“Where does one buy horses?”

“At Norwich. Dad will tell you all about that. The hunting isn’t bad. My father is master of one of the packs that hunt near here. They begin cubbing at the end of next month. The shooting parties will give you plenty of exercise too, if you are fond of walking.”

“I like all these things,” she admitted, a little more earnestly, “and I love this garden. The peace of it is almost stupefying. I feel somehow or other that I should like to grow old in this atmosphere.”

“You never would,” he rejoined.

She laughed at him. Suddenly she was serious. She leaned forward in her chair.

“In a few minutes,” she said, “I must go in to see Madame. Before you leave, though, I want to ask you just one thing. What was the chief reason which made you in the first instance come over to China on that mad adventure?”

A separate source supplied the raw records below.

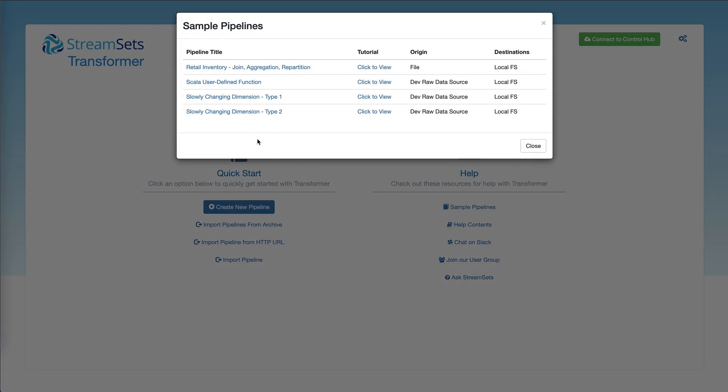Let's say you want to check out slowly changing dimensions type 2 pipeline. Go ahead and click on this.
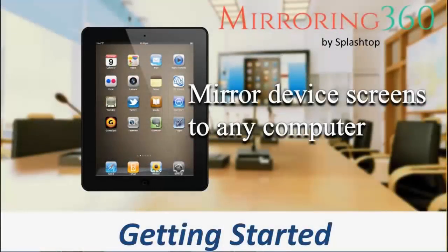Hi, welcome to the second video in our series exploring Splashtop's Mirroring 360. In this video we're going to look at how to download and install Mirroring 360 across our devices ready for our first connection.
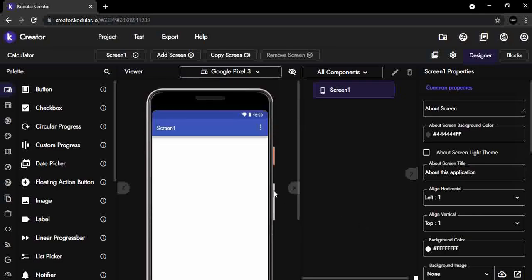Here you'll see that the emulated screen looks as it should, displaying the title bar with its default app theme colors.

“Money,” he answered bluntly.

“But why do you need money? You have the most beautiful home I ever saw.”

He laughed with a bitterness which he took no pains to conceal.

“It is to keep that home,” he explained, “that we need money. Perhaps you scarcely understand the troubles that a certain class of English people have had to face lately, especially people who come of extravagant stock, like my father and me. It wasn’t pure love of adventure that took me out to China. It was the hope of saving Ballaston if I succeeded.”